In a previously published article we discussed the clear differences between active and passive investment styles. To recap, active investment involves a manager or team of managers making informed decisions about how to invest, while a passive investment simply follows a market index. Now it’s time to take a look at how Cobblestone approaches these styles when advising our clients.
Our general philosophy is that low-cost passive investments should be the core of most investor portfolios. This provides efficient exposure to a diversified mix of major asset classes and allows our clients to grow their portfolios through broad participation in global capital markets.
Active investments are then added to the portfolio to complement the passive core. The purpose is to selectively allocate capital to investments we feel will provide better returns than the market as a whole.
In general we select active investments based on one of three criteria:
1. They capture inefficiencies within markets. Some markets are inherently less efficient.
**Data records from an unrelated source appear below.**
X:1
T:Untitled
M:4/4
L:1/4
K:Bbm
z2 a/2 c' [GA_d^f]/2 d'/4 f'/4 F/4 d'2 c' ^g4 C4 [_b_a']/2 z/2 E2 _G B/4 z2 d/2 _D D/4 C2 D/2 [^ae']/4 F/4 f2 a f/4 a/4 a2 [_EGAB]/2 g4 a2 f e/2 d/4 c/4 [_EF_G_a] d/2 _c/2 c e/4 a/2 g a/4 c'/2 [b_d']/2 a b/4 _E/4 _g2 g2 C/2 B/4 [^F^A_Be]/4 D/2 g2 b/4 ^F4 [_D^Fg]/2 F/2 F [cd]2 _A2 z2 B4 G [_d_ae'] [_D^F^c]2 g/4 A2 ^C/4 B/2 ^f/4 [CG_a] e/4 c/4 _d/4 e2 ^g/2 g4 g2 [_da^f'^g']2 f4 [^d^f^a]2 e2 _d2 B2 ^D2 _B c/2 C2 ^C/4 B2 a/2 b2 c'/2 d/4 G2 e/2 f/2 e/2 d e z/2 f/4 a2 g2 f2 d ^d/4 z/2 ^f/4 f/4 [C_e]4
Examples include small-companies, emerging market companies and less liquid fixed income markets. Within efficient markets, there is well-established empirical evidence that companies with certain characteristics tend to outperform the broader index over time. This is sometimes referred to as factor-based investing, which we consider to be a form of active investing.
2. They are in a sector that is not replicable by an index. For example, most private and alternative investments fall in this category.
3. They have talented managers with a repeatable process that deviate significantly from the benchmark. This has, historically, been the only segment of the active management that has provided consistent net of fee alpha for investors.
Our Select Equity based portfolios have significantly higher active management within the equity portion for clients with a desire and willingness to own a more concentrated portfolio of individual stocks. There are two unique benefits to this type of portfolio. First, we do not charge additional fees or higher fees for Select Equity based portfolios, so there is no additional cost for active management relative to passive management. Second, in exchange for accepting periods in which there is the potential for a more meaningful divergence between the portfolio and the benchmark, our clients have the opportunity to own stocks selected by Cobblestone based on the superior quality of the underlying company. The expectation is that, over time, patient investors will be rewarded as the value created by these companies compounds at a higher rate than the broad market.
While every client’s needs are different, we believe a hybrid portfolio construction can allow them to take full advantage of our experience and acumen while capitalizing on the best of both active and passive investment worlds.
Investments in securities are not insured, protected or guaranteed and may result in loss of income and/or principal. Cobblestone does not provide tax or accounting advice; clients should also consult with licensed professionals in that field.